In the listing below, find the line with "how much carbohydrate in comfort foods" and the line with "Evaluation of strategies". Repeat those two lines and all lines between them exactly.

[The records]:
[Start of Attachment]

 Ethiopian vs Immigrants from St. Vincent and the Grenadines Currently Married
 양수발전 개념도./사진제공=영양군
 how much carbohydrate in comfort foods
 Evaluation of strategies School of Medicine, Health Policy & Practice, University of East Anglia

[End of Attachment]
[Start of Attachment]

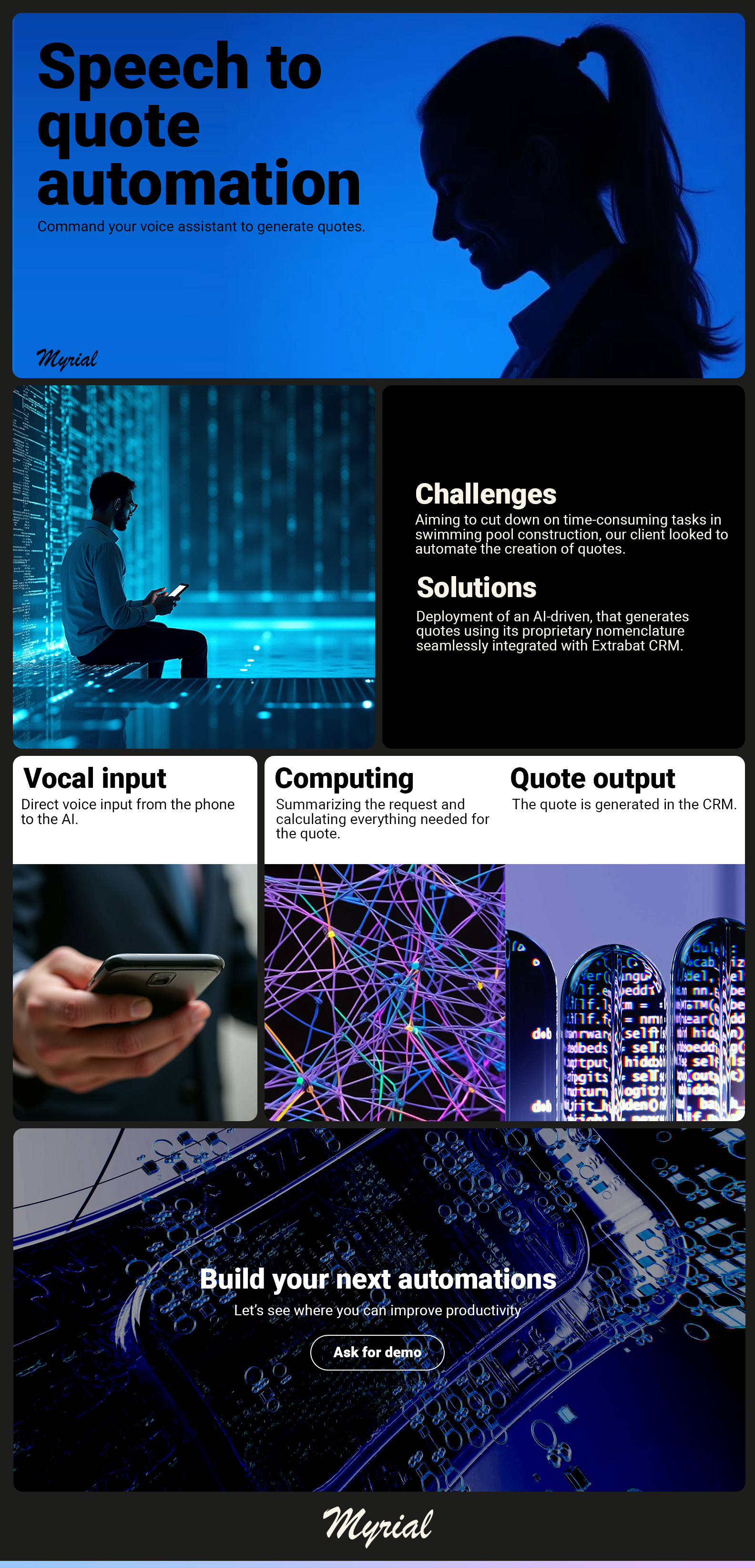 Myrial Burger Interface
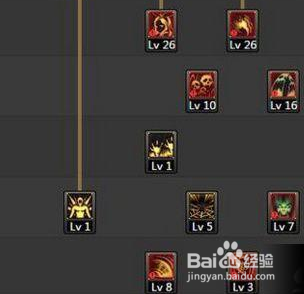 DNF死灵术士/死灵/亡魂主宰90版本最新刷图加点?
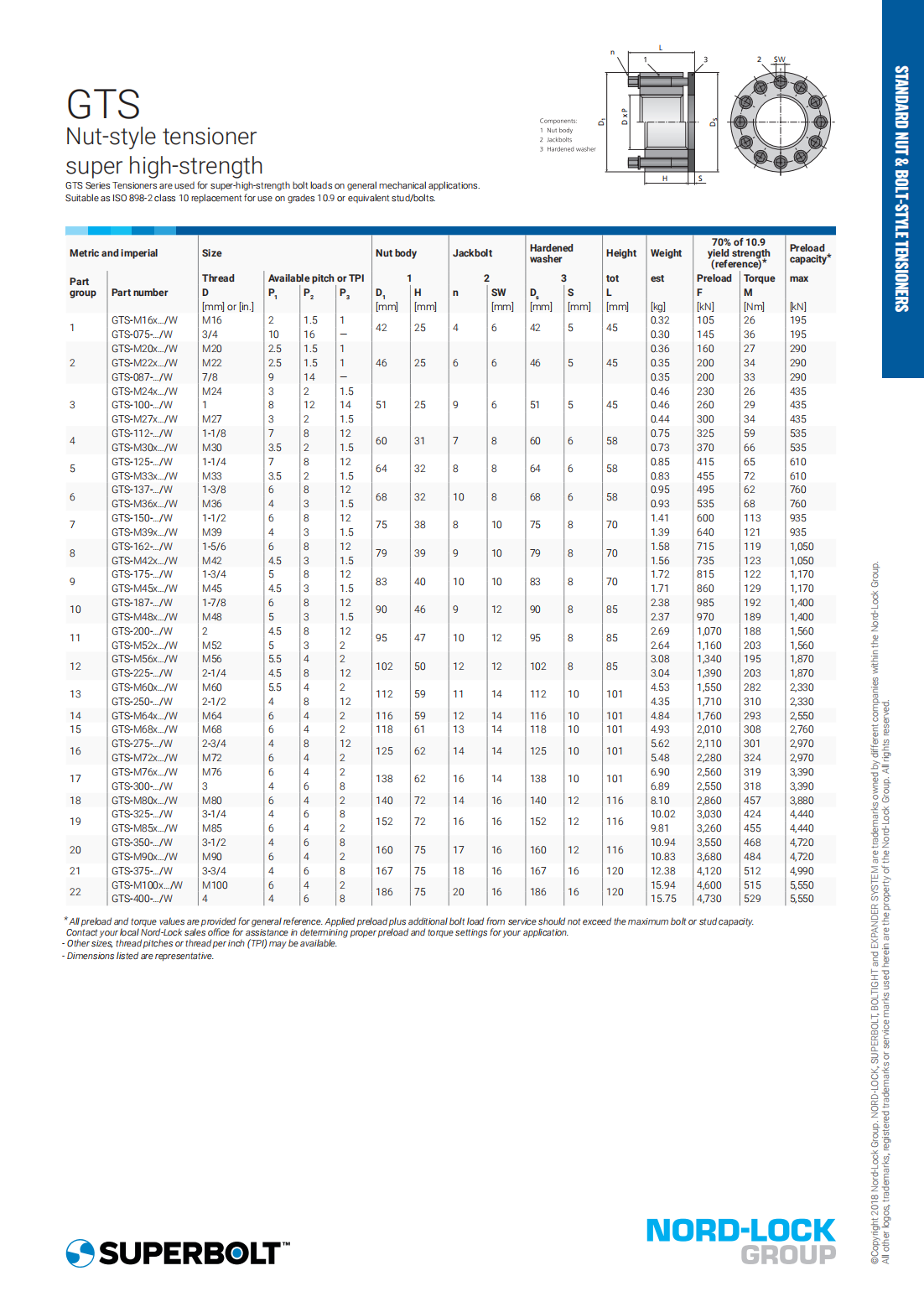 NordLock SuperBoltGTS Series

[End of Attachment]
[Start of Attachment]

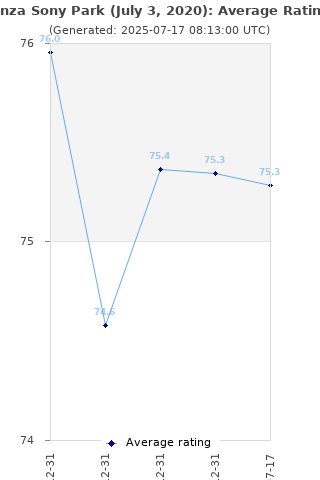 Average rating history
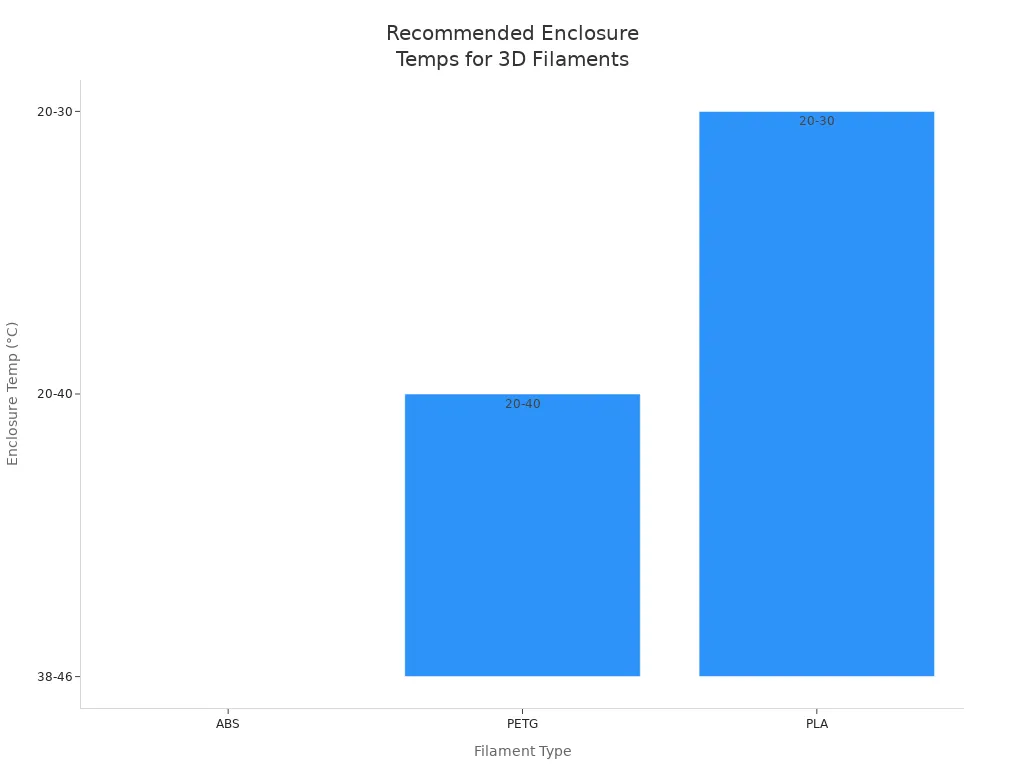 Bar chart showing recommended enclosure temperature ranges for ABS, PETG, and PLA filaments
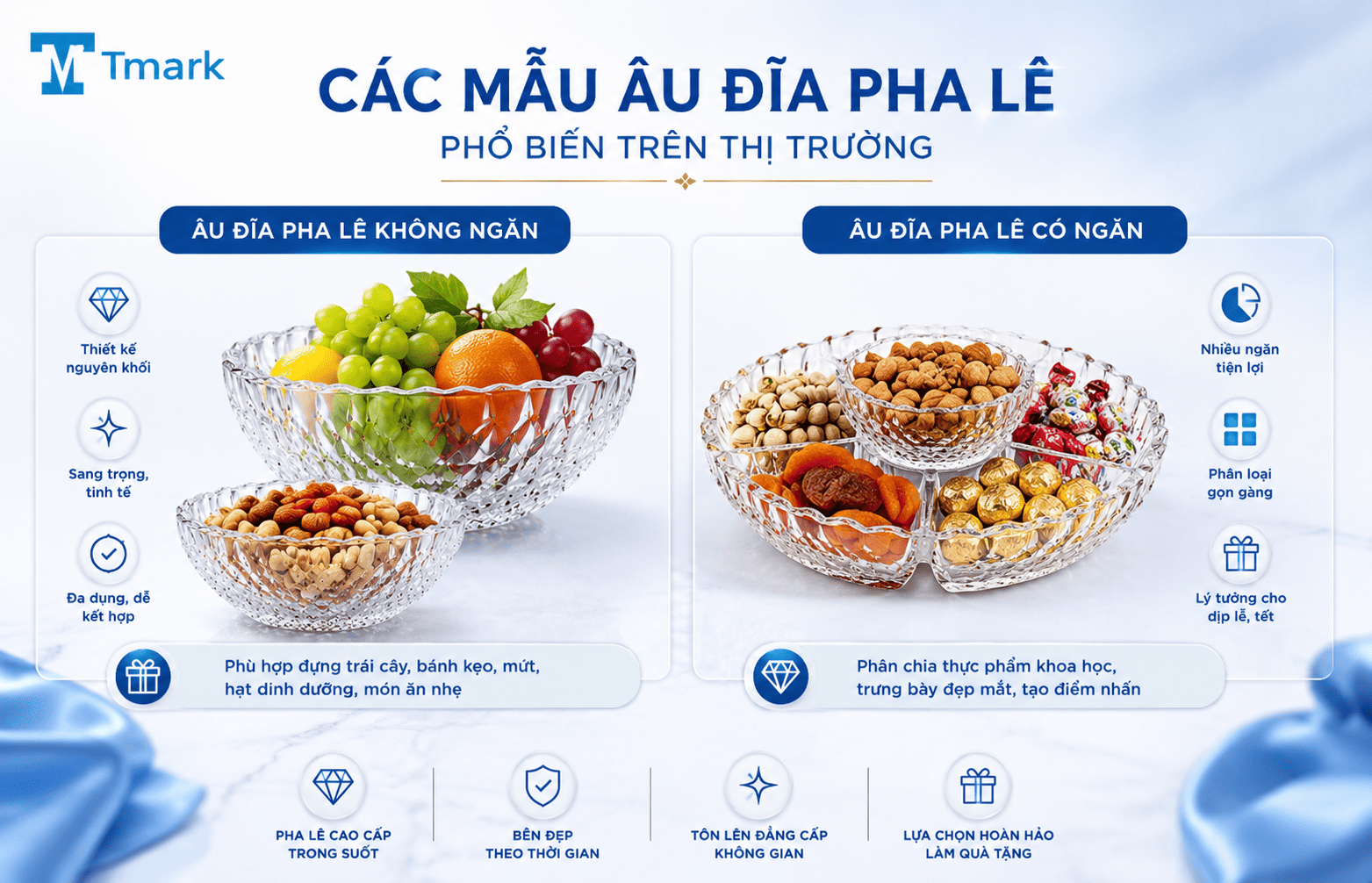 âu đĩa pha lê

[End of Attachment]

[Written solution]:
 how much carbohydrate in comfort foods
 Evaluation of strategies School of Medicine, Health Policy & Practice, University of East Anglia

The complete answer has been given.